0

I need to get all data from API. The data is served in batches (pages). Every batch has its page number.

My solution:

  1. GET page 1, save it to the file
  2. Loop by adding +1 to page number and append to the file the result from GET request
  3. Continue while no error

Currently the file is created and then I get: FATAL ERROR: Ineffective mark-compacts near heap limit Allocation failed - JavaScript heap out of memory

So I used --max-old-space-size=8192 no errors since then. It's just keeps working with no result.

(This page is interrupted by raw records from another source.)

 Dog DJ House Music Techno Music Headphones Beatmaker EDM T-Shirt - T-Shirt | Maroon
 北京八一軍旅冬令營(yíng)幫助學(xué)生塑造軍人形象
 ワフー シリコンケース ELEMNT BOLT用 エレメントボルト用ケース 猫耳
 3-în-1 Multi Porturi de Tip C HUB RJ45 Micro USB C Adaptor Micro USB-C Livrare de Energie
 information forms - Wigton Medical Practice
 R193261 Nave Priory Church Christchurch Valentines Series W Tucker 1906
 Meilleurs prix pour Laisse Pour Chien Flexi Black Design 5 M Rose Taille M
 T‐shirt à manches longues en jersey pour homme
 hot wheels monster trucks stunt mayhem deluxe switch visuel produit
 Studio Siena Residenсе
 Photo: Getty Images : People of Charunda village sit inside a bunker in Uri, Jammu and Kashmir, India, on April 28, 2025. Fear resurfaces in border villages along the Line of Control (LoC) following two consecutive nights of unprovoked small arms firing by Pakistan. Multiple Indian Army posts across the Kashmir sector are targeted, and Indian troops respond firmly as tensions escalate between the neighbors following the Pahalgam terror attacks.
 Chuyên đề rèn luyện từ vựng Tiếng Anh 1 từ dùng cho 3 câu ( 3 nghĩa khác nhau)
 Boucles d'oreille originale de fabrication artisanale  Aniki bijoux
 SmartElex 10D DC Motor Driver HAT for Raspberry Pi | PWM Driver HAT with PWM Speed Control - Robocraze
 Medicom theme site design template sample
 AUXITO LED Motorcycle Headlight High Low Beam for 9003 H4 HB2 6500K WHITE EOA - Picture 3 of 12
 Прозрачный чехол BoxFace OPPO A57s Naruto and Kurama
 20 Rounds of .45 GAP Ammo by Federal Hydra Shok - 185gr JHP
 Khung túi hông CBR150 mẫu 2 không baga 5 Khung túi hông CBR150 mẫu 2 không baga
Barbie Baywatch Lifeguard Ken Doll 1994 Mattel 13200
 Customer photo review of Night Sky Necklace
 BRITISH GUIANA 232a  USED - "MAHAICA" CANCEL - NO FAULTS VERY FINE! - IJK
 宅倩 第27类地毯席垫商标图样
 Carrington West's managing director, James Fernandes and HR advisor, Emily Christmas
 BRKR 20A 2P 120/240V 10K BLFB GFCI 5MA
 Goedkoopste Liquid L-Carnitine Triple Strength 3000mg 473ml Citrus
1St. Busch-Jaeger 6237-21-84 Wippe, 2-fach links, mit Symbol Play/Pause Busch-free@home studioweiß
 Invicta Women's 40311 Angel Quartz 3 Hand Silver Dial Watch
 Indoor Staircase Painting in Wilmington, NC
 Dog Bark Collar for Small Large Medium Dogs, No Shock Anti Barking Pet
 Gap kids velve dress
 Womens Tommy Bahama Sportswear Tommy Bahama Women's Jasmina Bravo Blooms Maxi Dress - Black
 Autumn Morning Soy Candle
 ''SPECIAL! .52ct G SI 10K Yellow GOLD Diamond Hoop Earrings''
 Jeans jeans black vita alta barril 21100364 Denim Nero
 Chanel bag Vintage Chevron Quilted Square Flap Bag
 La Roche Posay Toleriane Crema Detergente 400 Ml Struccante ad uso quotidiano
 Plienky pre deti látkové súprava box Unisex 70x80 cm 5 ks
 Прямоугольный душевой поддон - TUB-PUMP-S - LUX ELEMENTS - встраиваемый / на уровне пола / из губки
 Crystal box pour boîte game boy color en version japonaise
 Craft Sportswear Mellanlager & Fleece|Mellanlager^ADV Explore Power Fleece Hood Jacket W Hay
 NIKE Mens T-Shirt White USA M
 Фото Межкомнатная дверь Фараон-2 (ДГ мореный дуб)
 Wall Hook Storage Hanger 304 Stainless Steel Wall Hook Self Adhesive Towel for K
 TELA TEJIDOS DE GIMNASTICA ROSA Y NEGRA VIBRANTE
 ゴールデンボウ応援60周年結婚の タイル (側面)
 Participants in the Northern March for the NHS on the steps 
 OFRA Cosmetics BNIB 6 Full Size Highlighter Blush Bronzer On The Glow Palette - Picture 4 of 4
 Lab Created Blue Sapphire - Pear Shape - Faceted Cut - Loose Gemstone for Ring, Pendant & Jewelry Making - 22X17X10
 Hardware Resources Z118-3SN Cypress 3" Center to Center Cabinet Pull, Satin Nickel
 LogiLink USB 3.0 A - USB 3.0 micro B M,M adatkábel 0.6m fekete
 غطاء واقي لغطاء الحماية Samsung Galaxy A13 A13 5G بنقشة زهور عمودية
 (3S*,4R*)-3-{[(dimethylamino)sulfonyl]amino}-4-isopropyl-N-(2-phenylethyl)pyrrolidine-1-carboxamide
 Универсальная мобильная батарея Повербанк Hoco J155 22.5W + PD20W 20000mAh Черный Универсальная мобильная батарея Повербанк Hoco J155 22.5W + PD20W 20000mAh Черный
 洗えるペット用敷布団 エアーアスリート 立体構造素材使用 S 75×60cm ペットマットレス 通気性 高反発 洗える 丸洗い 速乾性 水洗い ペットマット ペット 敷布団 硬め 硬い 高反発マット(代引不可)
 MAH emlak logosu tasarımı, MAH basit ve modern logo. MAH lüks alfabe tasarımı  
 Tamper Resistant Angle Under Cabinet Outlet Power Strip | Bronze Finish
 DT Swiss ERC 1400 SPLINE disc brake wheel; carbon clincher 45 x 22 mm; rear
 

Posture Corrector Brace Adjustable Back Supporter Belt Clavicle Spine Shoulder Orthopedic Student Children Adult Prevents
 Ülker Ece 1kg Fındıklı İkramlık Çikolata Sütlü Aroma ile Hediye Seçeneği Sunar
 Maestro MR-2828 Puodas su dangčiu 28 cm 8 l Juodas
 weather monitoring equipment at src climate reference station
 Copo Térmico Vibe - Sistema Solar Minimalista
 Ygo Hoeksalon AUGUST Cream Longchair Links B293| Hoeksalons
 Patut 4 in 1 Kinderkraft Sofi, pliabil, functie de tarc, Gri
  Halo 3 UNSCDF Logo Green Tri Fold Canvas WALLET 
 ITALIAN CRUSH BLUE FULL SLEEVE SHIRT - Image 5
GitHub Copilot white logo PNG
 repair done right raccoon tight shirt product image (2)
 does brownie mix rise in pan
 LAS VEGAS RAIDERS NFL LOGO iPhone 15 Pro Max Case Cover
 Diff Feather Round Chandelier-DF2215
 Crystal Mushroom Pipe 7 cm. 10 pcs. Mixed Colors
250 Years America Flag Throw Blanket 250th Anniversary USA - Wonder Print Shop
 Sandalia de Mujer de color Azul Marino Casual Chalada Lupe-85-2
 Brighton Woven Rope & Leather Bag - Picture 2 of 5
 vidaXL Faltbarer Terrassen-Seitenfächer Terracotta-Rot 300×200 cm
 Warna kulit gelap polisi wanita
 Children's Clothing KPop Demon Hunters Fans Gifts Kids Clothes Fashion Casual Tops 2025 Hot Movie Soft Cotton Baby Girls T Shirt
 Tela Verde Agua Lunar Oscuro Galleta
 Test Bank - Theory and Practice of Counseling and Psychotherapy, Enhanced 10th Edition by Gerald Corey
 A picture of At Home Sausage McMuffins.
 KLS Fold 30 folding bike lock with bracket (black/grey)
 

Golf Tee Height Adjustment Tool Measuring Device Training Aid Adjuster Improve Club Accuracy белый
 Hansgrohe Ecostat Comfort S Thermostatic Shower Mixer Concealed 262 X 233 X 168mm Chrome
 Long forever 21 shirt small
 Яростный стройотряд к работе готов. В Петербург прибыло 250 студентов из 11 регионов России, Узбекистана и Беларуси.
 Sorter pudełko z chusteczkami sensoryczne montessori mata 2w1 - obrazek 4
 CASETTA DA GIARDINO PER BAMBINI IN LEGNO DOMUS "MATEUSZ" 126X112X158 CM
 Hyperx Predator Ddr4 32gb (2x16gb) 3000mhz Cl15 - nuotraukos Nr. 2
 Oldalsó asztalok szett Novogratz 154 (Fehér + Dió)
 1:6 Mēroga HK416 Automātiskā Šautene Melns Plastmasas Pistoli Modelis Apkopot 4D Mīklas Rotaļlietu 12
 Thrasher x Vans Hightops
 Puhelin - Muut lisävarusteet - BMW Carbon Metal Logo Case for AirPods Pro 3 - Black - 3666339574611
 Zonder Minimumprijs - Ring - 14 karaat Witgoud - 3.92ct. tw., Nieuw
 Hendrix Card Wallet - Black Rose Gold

File stays empty.

Please help!

const fs = require('fs');
const axios = require('axios');
const { response } = require('express');

var myWriteStream = fs.createWriteStream(
  '../dev-data/file.json',
  { flags: 'a' },
  { encoding: 'utf8' },
  err => {}
);

let pageNumber = 1;

// Getting initial batch on Page 1

axios
  .get(`https://api.example.com/?page=${pageNumber}`)
  .then(function (response) {
    var json = JSON.stringify(response.data);

// Saving result to the file

    fs.writeFile('../dev-data/declarations_list.json', json, 'utf-8', err => {
    });

// Looping GET + save to the file by adding + 1 to currentPage 

    do {
      pageNumber = response.data.page.currentPage + 1;
      axios
        .get(
            `https://api.example.com/?page=${pageNumber}`
        )
        .then(function (response) {
          console.log(`Current page: ${response.data.page.currentPage}`);
          pageNumber = response.data.page.currentPage;

          var json = JSON.stringify(response.data);

          myWriteStream.write(json);
        })
        .catch(function (error) {
          console.log(error);
        });

// Do while currentPage (no 'error')

    } while (response.data.page.currentPage);
  });

UPDATE

const fs = require('fs');
const axios = require('axios');
const { response } = require('express');

let pageNumber = 0;

do {
  pageNumber = pageNumber + 1;
  console.log(pageNumber);
  axios
    .get(`https://public-api.nazk.gov.ua/v1/declaration/?page=${pageNumber}`)
    .then(function (response) {
      console.log(response);
      console.log(`Current page: ${response.data.page.currentPage}`);
      pageNumber = response.data.page.currentPage;
      var json = JSON.stringify(response.data);
      fs.appendFileSync('../dev-data/declarations_list.json', json);
    })
    .catch(function (error) {
      console.log(error);
    });
  
} while (pageNumber < 15000);
Olex
  • 3
  • 2

1 Answers1

3

This is not tested (because of lacking api access), but i would try to write to the file every time a new page is loaded, basically like so:

const fs = require('fs');
const axios = require('axios');
const { response } = require('express');

let pageNumber = 0;
var stream = fs.createWriteStream('../dev-data/declarations_list.json', {flags:'a'});

do {
  pageNumber = ++;
  axios
    .get(
        `https://api.example.com/?page=${pageNumber}`
    )
    .then(function (response) {
      console.log(`Current page: ${response.data.page.currentPage}`);
      pageNumber = response.data.page.currentPage;
      var json = JSON.stringify(response.data);
      stream.write(json);
    })
    .catch(function (error) {
      console.log(error);
    });
    // Do while currentPage (no 'error')
} while (pageNumber < <total_number_of_pages>);

stream.end();

Also do not nest these axios calls. There is no need to and several problems might arise from that. However I think the biggest problem was the way you wrote to that stream.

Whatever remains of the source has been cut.